A Christchurch woman says she had begun planning her own funeral after being incorrectly diagnosed with cancer in a file mix-up.

Health New Zealand said the error occurred when incorrect images were loaded on Toni Shields’ file on May 22, 2024. Shields’ GP was notified of the mistake seven days later on May 29, 2024.

Shields described being told she had cancer as a “day I’ll never forget”.

“I instantly was thinking of my children and my grandchildren. Especially the state of my oldest son Jamie, he was completely broken.

“It was devastating. More so to see my sons go through complete hurt,” she told Breakfast.

Shields said she first went to the doctor after experiencing stomach pain and had lost a lot of weight “rather quickly”, which led her to having an ultrasound, and then a CT scan.

“The following day I got the call from my nurse saying she had made an appointment with my doctor for me because the results had come back in.

“She said there had been some changes, and I needed to come back in, so that terrified me.

“What it said was that I had multiple masses on my liver, with the pancreas being the primary cause and also something about my bowel, but that still had to be looked at,” she said.

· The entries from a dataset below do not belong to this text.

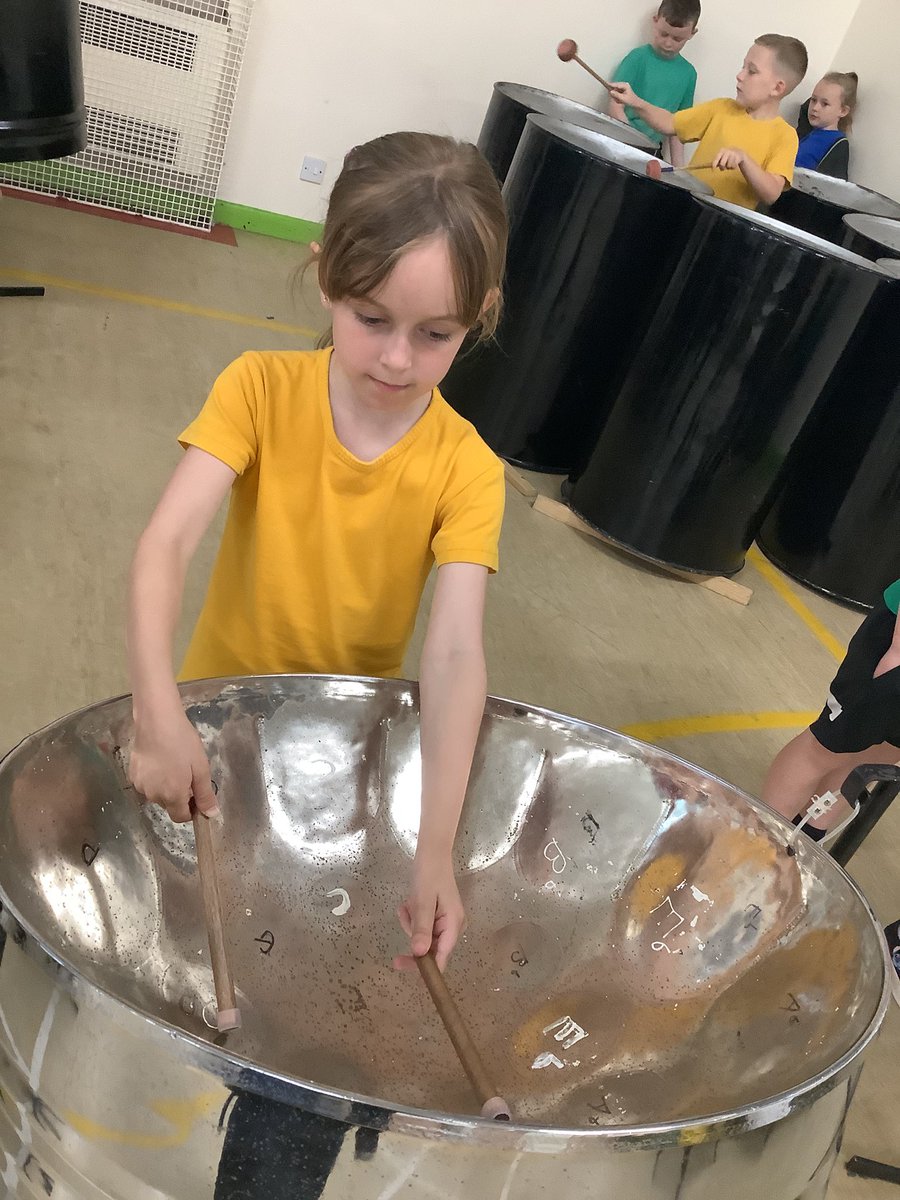LindenRDCherry's tweet photo. Steel pans time for us! 

#Linden_Music #LindenRoadAcademyCherry #LindenPersonalDevelopment #LindenLearning
🎶🎼🎵🎤🎸🎧 https://t.co/BbLtfb1Ajg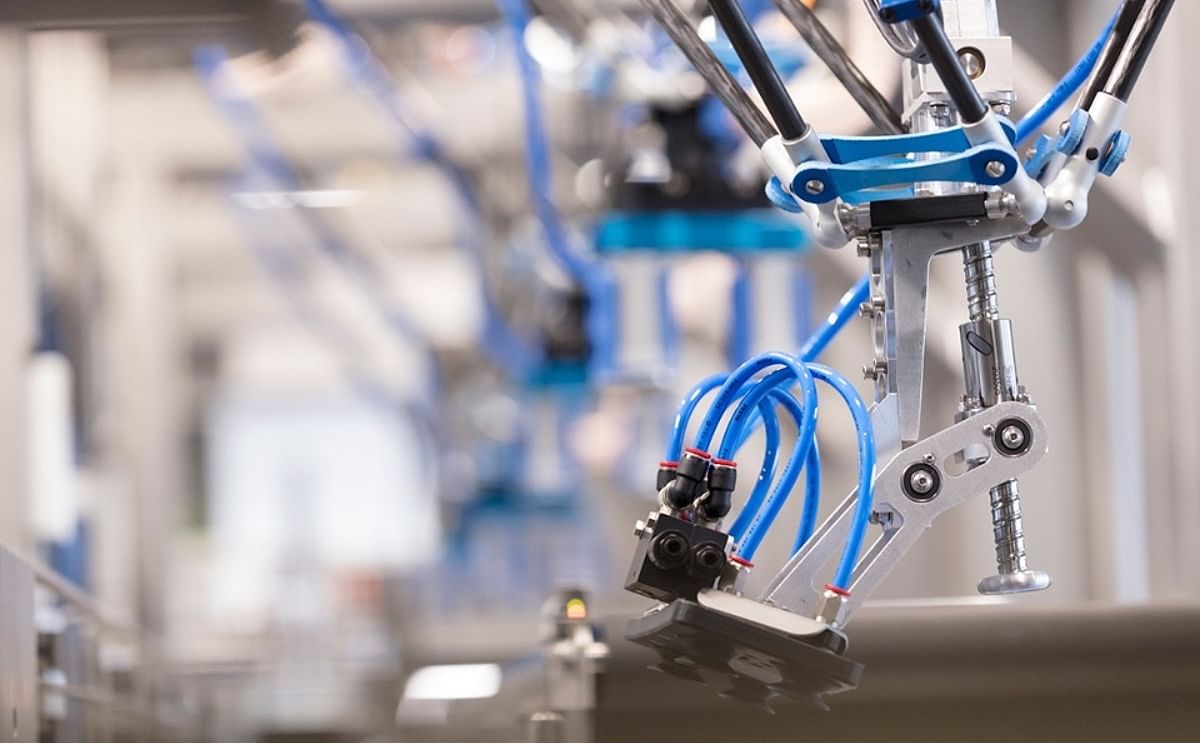 How Does Robotic Case Packing Improve Business Efficiency?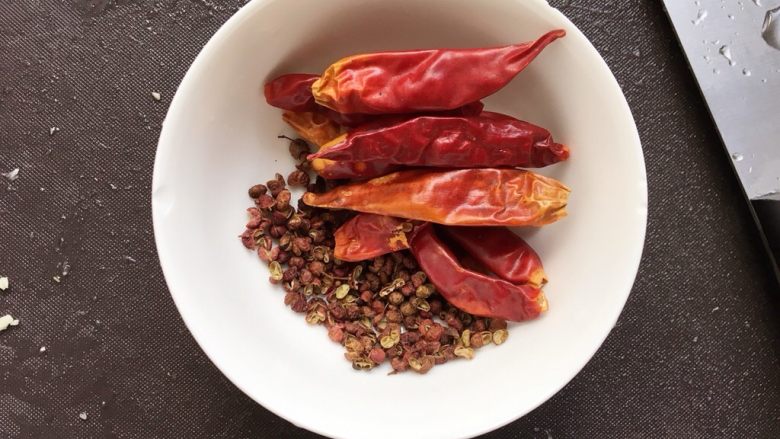 水煮肉片,<a style='color:red;display:inline-block;' href='/shicai/ 86474'>干辣椒</a>和<a style='color:red;display:inline-block;' href='/shicai/ 700'>花椒</a>洗净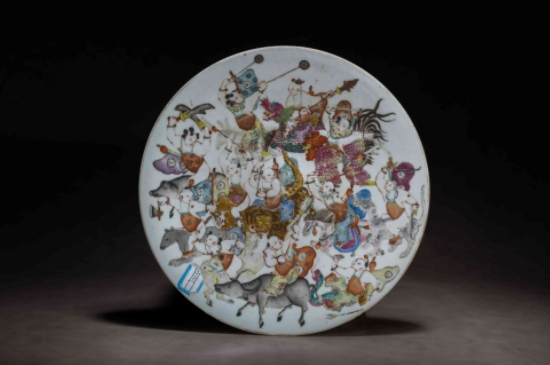 琺瑯彩和粉彩的區(qū)別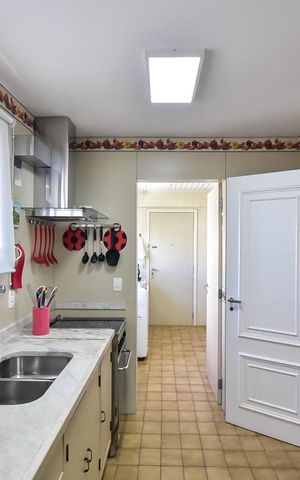Apartamento à venda com 157m², 3 quartos e 4 vagasCozinha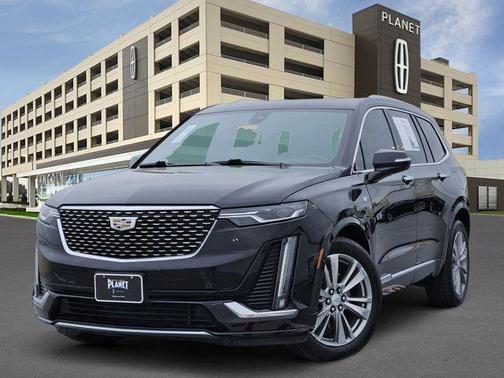 Stellar Black Metallic 2023 Cadillac XT6 Premium Luxury FWD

Shields said six days went by before she was contacted about the mistake.

“I was planning my funeral; I was looking at assisted dying. I’d rung my landlord to try and get my youngest onto my lease. I’d thrown away a lot of stuff. I’d looked into aged progression acts and thank goodness we did not tell my grandchildren.”

She said she was “very lucky not to be opened up” and said she was frustrated by how this incident happened.

“I’m just very angry right now. It was a week of up-and-down emotion, very surreal. I’m still very … speechless about the whole thing.”

Shields said she is now waiting to find out more about how the mix-up happened, as a full review at Christchurch Radiology is underway.

‘Sincerely sorry’ – Health NZ responds

In a statement, Health New Zealand’s interim Canterbury group director of operations Joanne Gibbs said it is “extremely unusual for an error like this to be made”.

“We are sincerely sorry that Toni was given an incorrect diagnosis and we have apologised for the significant stress that we have caused both Toni and her family,” she said.

“We are undertaking a full review of how this occurred to identify where improvements can be made and ensure this does not happen again in the future.

“We will continue to be in contact with Toni as the investigation into this incident continues, and she is welcome to contact our Radiology team with any other questions and comments she may have.”